Lack of citalopram quickly caught up with me, with extremes of emotion, from intensely happy and positive, to alarmingly worrisome and doubtful of my choices, my life, my work; me.
I fought it. Determined to be better than this "mental disorder" - there is nothing wrong with me. Everything I have achieved, I have done through sheer sense of self and sense of will. All me.
Do I really have to be dosed up to feel like a normal human being? Or do I have to take this tablet for the rest of my life just to make sure my brain doesn't get the better of me.
I spoke with the lovely Sam Walker on the radio and told her how I was optimistic, hopeful, that when it comes to family and it comes to love, there would somehow be a way back for me and my family.

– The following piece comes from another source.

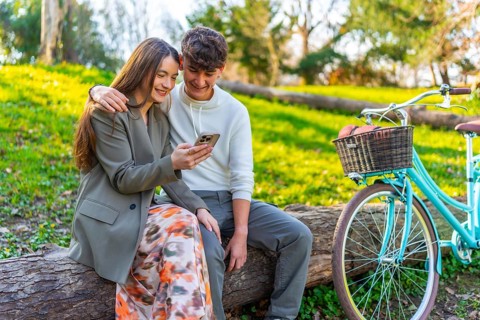 Smiling young couple sitting on a log in a park, sharing a moment on a smartphone, with a vintage
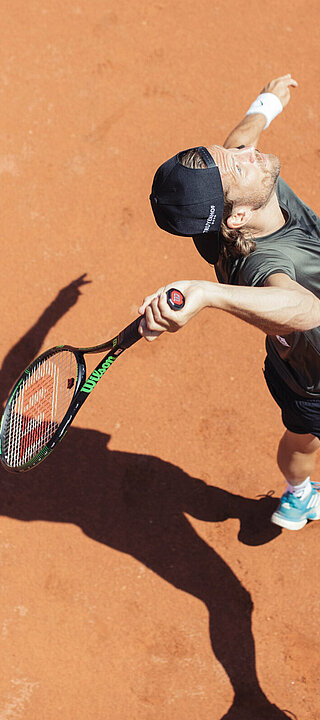 Mann beim Tennisspielen auf dem Tennisplatz im Hotel Truyenhof in Tirol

Today proved that just isn't true.
And despite being back on an even keel, it has hit me hard.
I pondered whether to right this, whether admitting vulnerability and occasional instability would show flashes of weakness and that isn't what I'm about, it's not what my business is about, its about hope and hard work and therein lies the key to this blog post - there is no shame in writing about your own weaknesses, the things that make us human.
I can't be inspiration and light all of the time ;)
It's a pleasure and fascinating that some even think so.
I'm Francesca, I'm flawed, and today, I am absolutely flailing in the wind.
But I don't think there is anything wrong with that.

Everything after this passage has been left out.